Riesz's Lemma says the following: Let $X$ be a normed vector space and $Y$ a proper closed subspace of $X$. Pick $\alpha \in (0,1)$. Then $\exists x\in X$ such that $|x|=1$ and $d(x,y) \geq \alpha$ for all $y \in Y$.
I am investigating why we cannot take $\alpha=1$ in general. Wikipedia says "the space $l^\infty$ of all bounded sequences shows that the lemma does not hold for $\alpha = 1$". I believe there's a simple example but I don't see what to take as $Y$… So what exactly is the example (i.e. $Y$)?
Edit: It is unfortunate that Wikipedia states the lemma with the version $>\alpha$. With this version, I do not need the specific space of $l^\infty$ to show that the lemma does not hold for $\alpha = 1$. Let $X$ be any normed vector space, and take any $x$ with $|x|=1$. Then $\inf_{y\in Y} d(x,y) \leq d(x,0) = 1$.

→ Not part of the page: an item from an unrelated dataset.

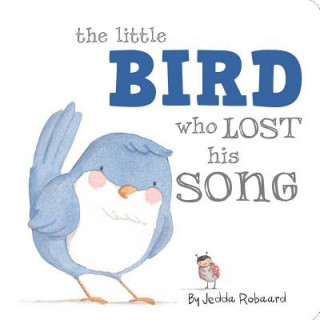 Könyv The Little Bird Who Lost His Song Jedda Robaard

As Bombyx pointed out, $l^\infty$ is not reflexive so there should be an example for the version I have stated Riesz's Lemma. Since Wikipedia raised $l^\infty$, I was thinking that maybe there is a (simple) constructive proof for this example. Hence, I was asking if
anyone has any idea on what $Y$ should be.
Best Answer
I think the answer is no, because $l^{\infty}$ is not reflexive. A related discussion can be found at here. The credit should be given to the answerer in the other post.